Walworth Big Foot, coming off a 10-1 season and its first championship since 1975, has seen similar development in its star lineman, Travis Frederick. That has earned AP second-team honors for the 6-5, 305-pound junior, already a two-time Lineman of the Year in the Rock Valley Conference.

Tyler Uschan, Janesville Craig’s spectacular receiver, also joins the select group in gaining AP All-State honorable mention. That tops off a season in which the 6-2, 210-pound senior set school records with 52 receptions for 725 yards, including 13 catches for 299 yards in a game.

And the big numbers are the result of widespread talent, Craig coach Bill O’Leary said.

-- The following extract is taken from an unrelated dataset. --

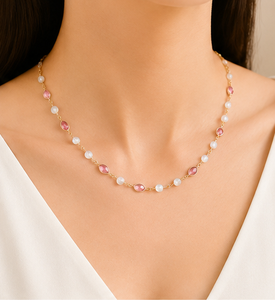 Natural <b>Pink</b> Tourmaline and Rainbow Moonstone Station Necklace in Solid 18K Yellow Gold Bezel Set Pear and Round Gemstone Chain - Product Image 2
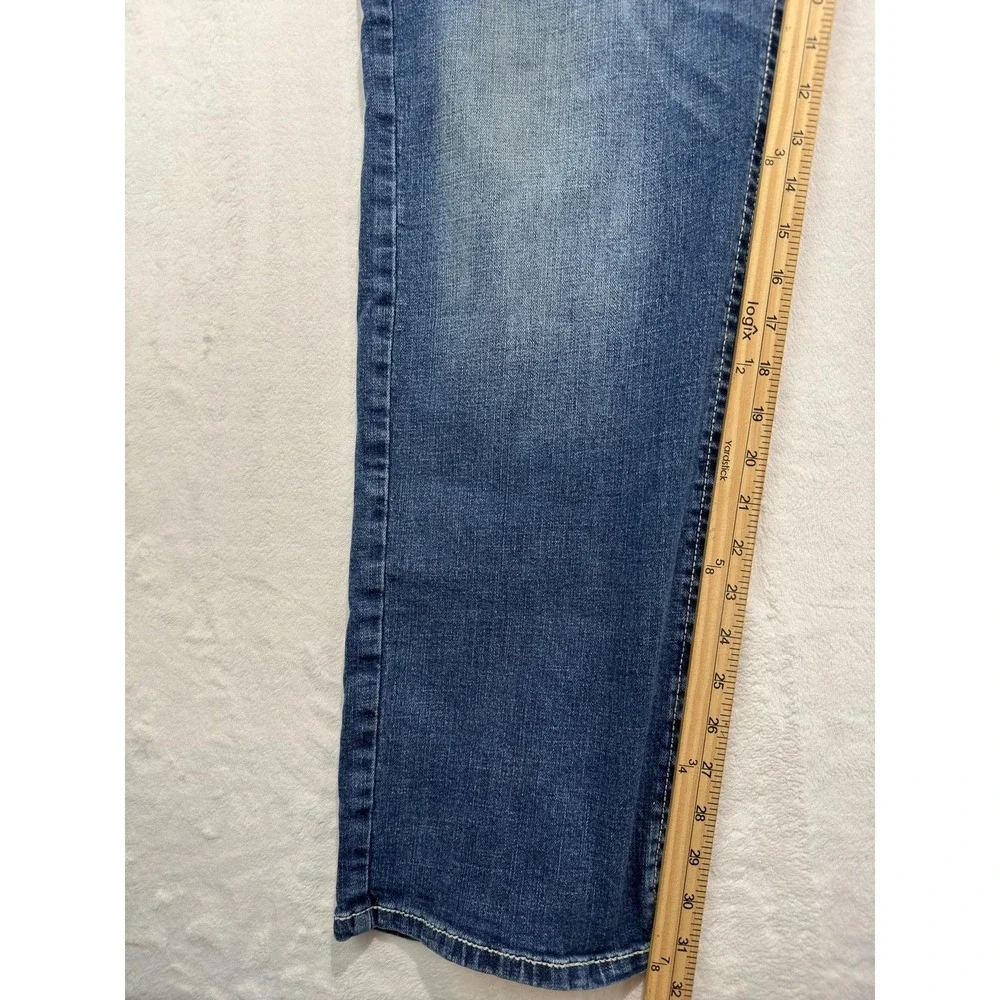 TK Axel Jeans Mens 36x30 Blue Denim Slim Bootcut Medium Wash Embroidered Pockets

“Tyler’s got all the tools necessary,” O’Leary said after Uschan moved up from second to first team in the coaches’ All-Big Eight selections. “He’s got a lot of speed, he runs good patterns and has great hands.’’

In making the all-state selections, a panel of sports writers saw the same things in Lloyd that coaches pinpointed many times.

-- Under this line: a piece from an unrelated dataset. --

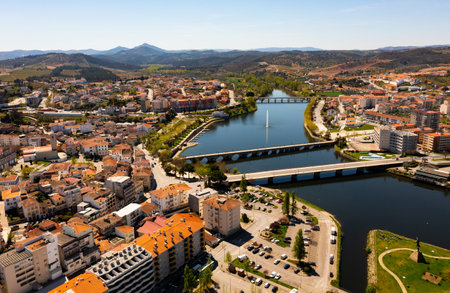 View from drone of Mirandela city, Portugal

“The people who know the game spot that ability right away,’’ Dye said of opposing coaches. “They try account for that kind of a player and go away from him, and that’s what we saw with Harold.’’

Lloyd’s awesome blocking ability might have been this first thing to catch people’s attention. This year, while helping Parker’s 6-4 team average 196 yards on the ground, he also was an equal force on defense, finishing with 38 solos among his 70 tackles and five quarterback sacks.

“He clearly had his best year on defense and still remained an effective drive blocker,’’ Dye said of Lloyd’s two-way contributions.

Lloyd’s greatest contributions, however, might have been the intangibles.

“The sign of a good player is not only playing at that level, but prompting his teammates to bring out their best,’’ Dye said. “And that’s the guy Harold was for us.

“He’s the total package, with academics to go along with football,” Dye said. “And through his work ethic, preparation and performance in a game, he truly was a person who led by example for us.’’

And it has led to numerous college possibilities for Lloyd. They include Harvard and Army, Dye said.

“He’s listening to everybody right now, as far as the recruiting process is concerned,’’ Dye said. “It’s still early, and he’s trying to sort things out. But as strong as he is academically, he’ll be able to do that.’’

Meanwhile, Dye and the Vikings can reflect on what they’re losing.

“We might be losing one player in Harold, but it’s much more than that, as far as ability and leadership,” Dye said. “I can’t say enough about the impact he has had on our program.’’

Big Foot coach Rodney Wedig says the same about Frederick, also a high honor student, who already has made major contributions in the Chiefs’ rise to a high level.

“He’s the whole package—an intelligent player with great athletic ability and good quickness for his size,’’ Wedig said. “He’s also a kid who just wants to keep getting better, and we saw a lot of that this year.

“We moved him around a lot more this year and worked on more pulling (of the offensive linemen), and he really responded. He played a huge role in our success.

“We wound up with 2,800 yards rushing by committee, and guys ran behind Travis, even though other teams knew it was coming. We were seeing all kinds of things with people trying to offset what he can do, but he just kept doing it.’’

Just the way Lloyd did it at Parker for three years.